Opinião

Ventiladores: que peritos temos que ter?

Em Portugal não há competência para avaliar o Atena, nem peritos para o fazer. O país não só tem tido que importar ventiladores, como todo o conhecimento a ele associado, incluindo o necessário para os processos de certificação.

Em março de 2020, face à situação trágica de pandemia que se vivia já na Europa, o CEiiA – Centro de Engenharia e Desenvolvimento de Produto iniciou o desenvolvimento de um ventilador invasivo para não acontecer em Portugal o mesmo que em países como Itália ou Espanha. Num esforço de inovação sem paralelo em Portugal, o CEiiA aliou a sua capacidade de engenharia ao conhecimento dos médicos para desenvolver um ventilador invasivo em 45 dias. E assim nasceu o Atena. De um trabalho conjunto com uma comunidade médica cujo papel foi crucial por trazer para este projeto a experiência dos utilizadores, sabida como fundamental em processos de inovação. O CEiiA tem muita experiência no setor aeronáutico, que é altamente regulado. Do ponto de vista da inovação, há algo de semelhante entre os dois setores, no papel crítico da regulação, risco associado, e consequente lentidão na adoção de novas tecnologias.

Em abril de 2020, estimava-se que a procura mundial de ventiladores fosse cerca de 880 mil, quando em 2018 tinha sido de 14 mil. Nos EUA havia uma falta de aproximadamente 75 mil ventiladores e, em conjunto, na França, Alemanha, Itália, Espanha e Reino Unido faltavam em igual número. A Comissão Europeia estimava que a capacidade existente de equipamento médico poderia responder a 10% desta procura.

O CEiiA submeteu o Atena ao Infarmed no âmbito do procedimento especial de avaliação de dispositivos médicos para a covid-19, procedimento equivalente ao de outros países da Europa e dos EUA.

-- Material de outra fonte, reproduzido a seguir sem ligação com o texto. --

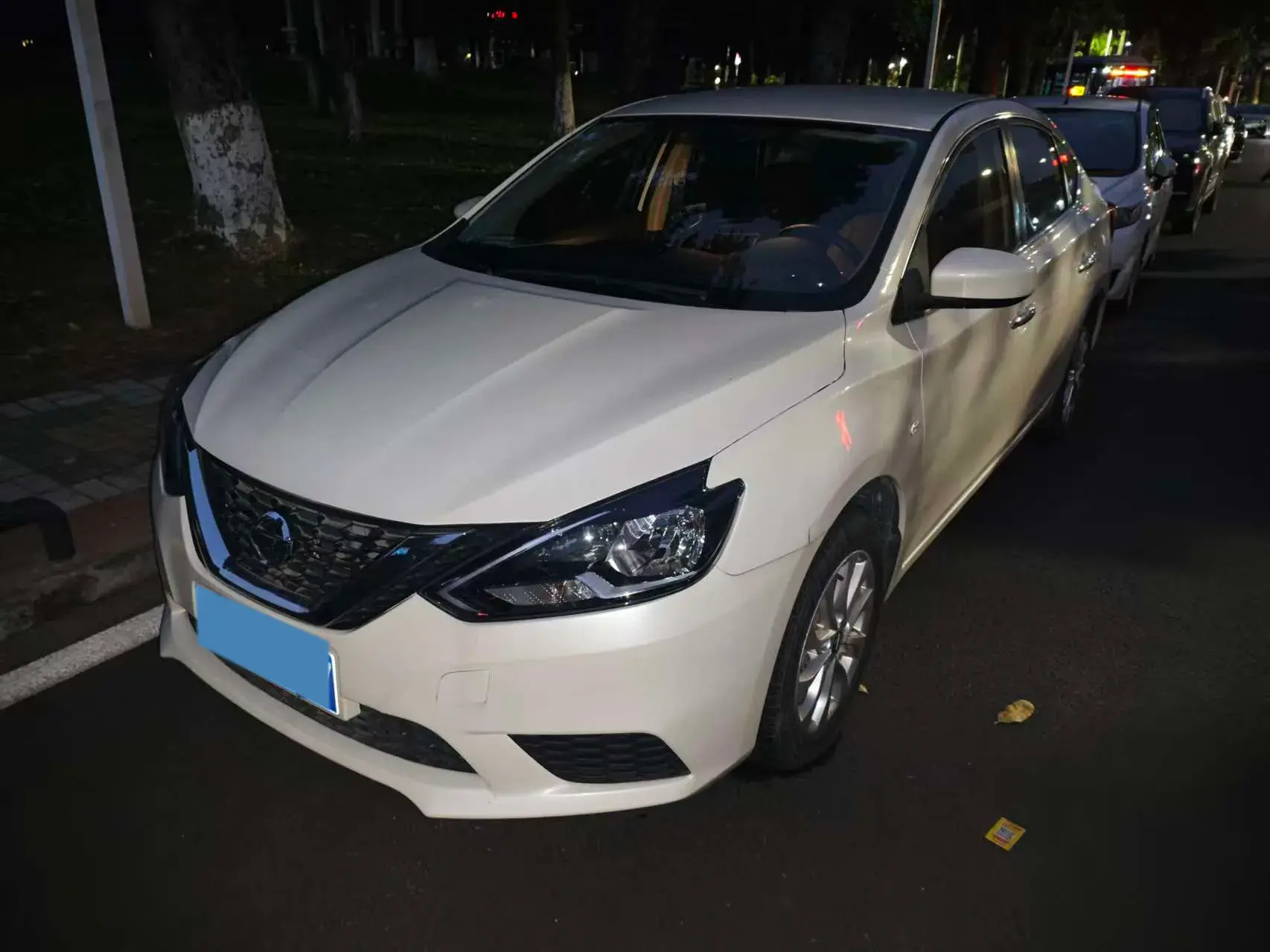 2022 NISSAN SYLPHY view 1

Até esta data, nunca o Infarmed tinha avaliado um dispositivo como o Atena. Somos tradicionalmente um país recetor de tecnologia, sem experiência no desenvolvimento em muitas áreas, em particular nos dispositivos médicos, onde não há uma indústria estabelecida e madura. O setor representa cerca de 1200 milhões €/ano em Portugal, uma fatia muito pequena dos 110 mil milhões €/ano na Europa. Não é surpreendente que não haja em Portugal competências técnicas para fazer uma avaliação do mesmo. Tal como tivemos que aprender a fazer o ventilador, teremos agora que aprender a avaliá-lo. Todos os processos de inovação implicam uma aprendizagem, não só da tecnologia, mas também dos seus aspetos regulatórios.

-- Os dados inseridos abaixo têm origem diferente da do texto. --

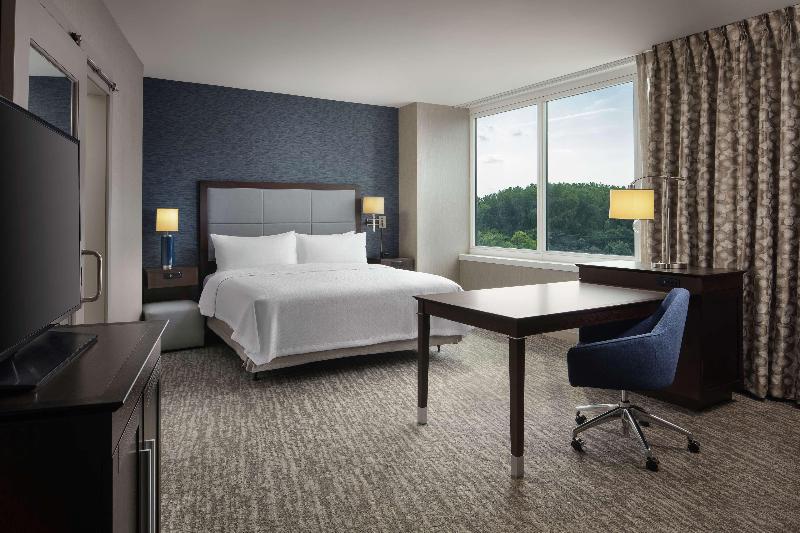 Hampton Inn & Suites Teaneck Glenpointe - Oda
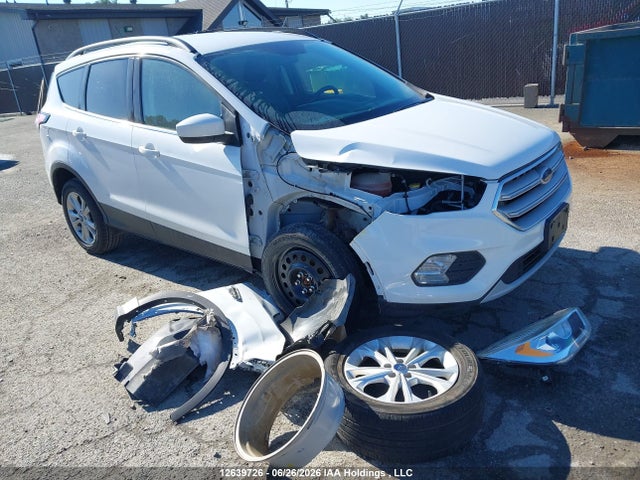 12639726 :رقم المزاد ، 1FMCU0HD0JUB32030 vin ، 2018 Ford Escape Sel مزاد بيع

Avaliar um produto não é o mesmo que avaliar um conjunto de tecnologias que o integram. Temos muito conhecimento em determinados aspetos da tecnologia e temos uma ciência madura em muitas áreas, que se tornou já visível. Mas não temos o know-how para avaliar o ventilador como produto, nem prática neste processo, resultante também da falta de experiência no desenvolvimento de produtos complexos. No entanto, nada disso nos deve impedir de o fazer.

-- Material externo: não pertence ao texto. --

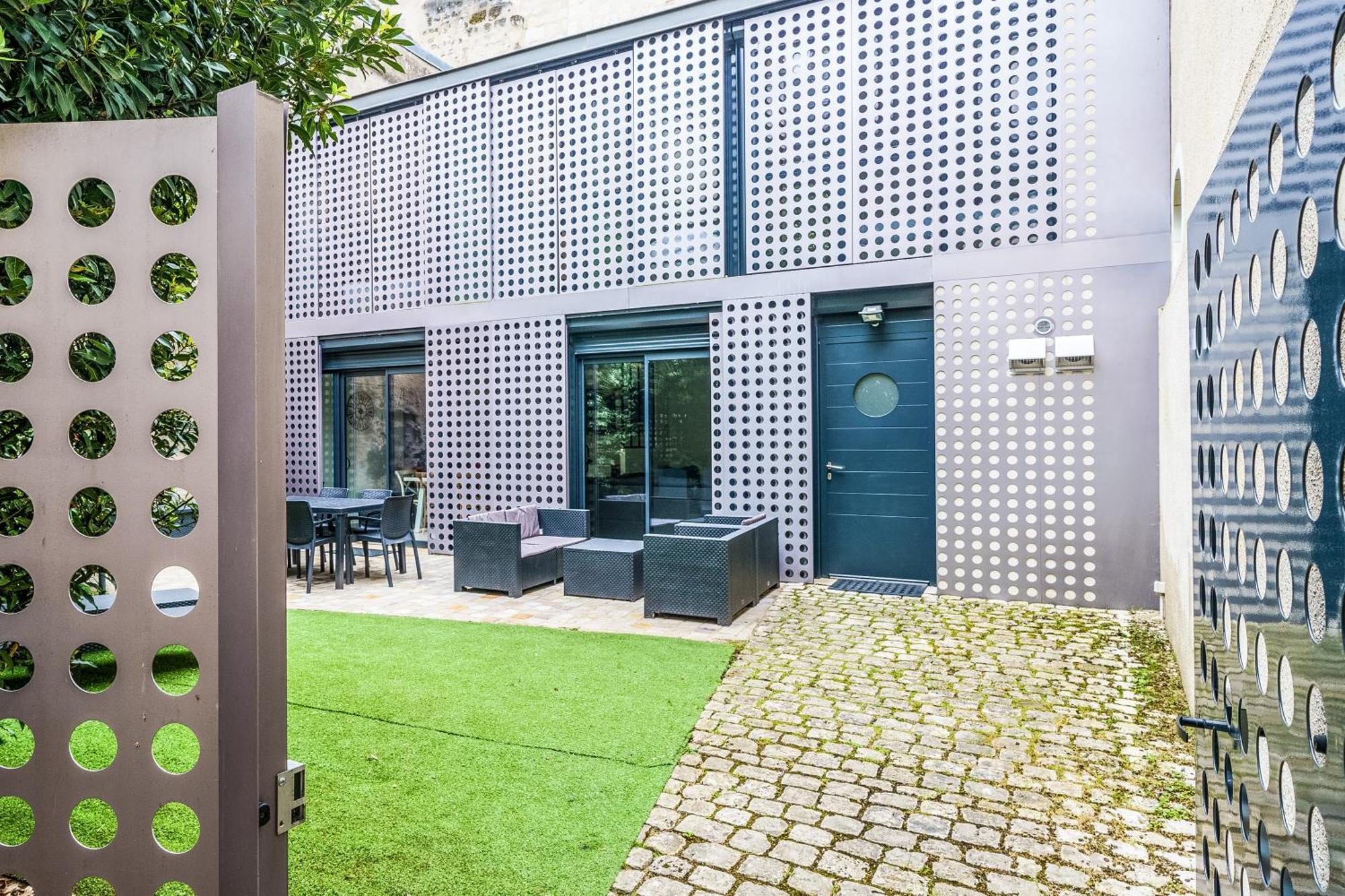 Maison D'architecte Centre Jardin, Climatisation, Parking 5 P *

O problema não se coloca em países com uma larga base de competência no setor, onde não há falta de peritos. Em Portugal não há competência para avaliar o Atena, nem peritos para o fazer. O país não só tem tido que importar ventiladores, como todo o conhecimento a ele associado, incluindo o necessário para os processos de certificação. Sabemos que a regulação anda tipicamente atrás da inovação. Teremos então que aprender a avaliar estes dispositivos, ganhar conhecimento sobre eles. Deveremos, para isso, utilizar as nossas redes internacionais, os nossos parceiros científicos, e aprender com eles. A ciência é o caminho para esta aprendizagem, e a comunidade científica em Portugal tem parcerias internacionais com as quais pode e deve aprender. Tal como tivemos a humildade, perante o gigante desafio, de desenvolver um ventilador, teremos que a ter para o avaliar. Em conjunto e aprendendo com quem mais sabe.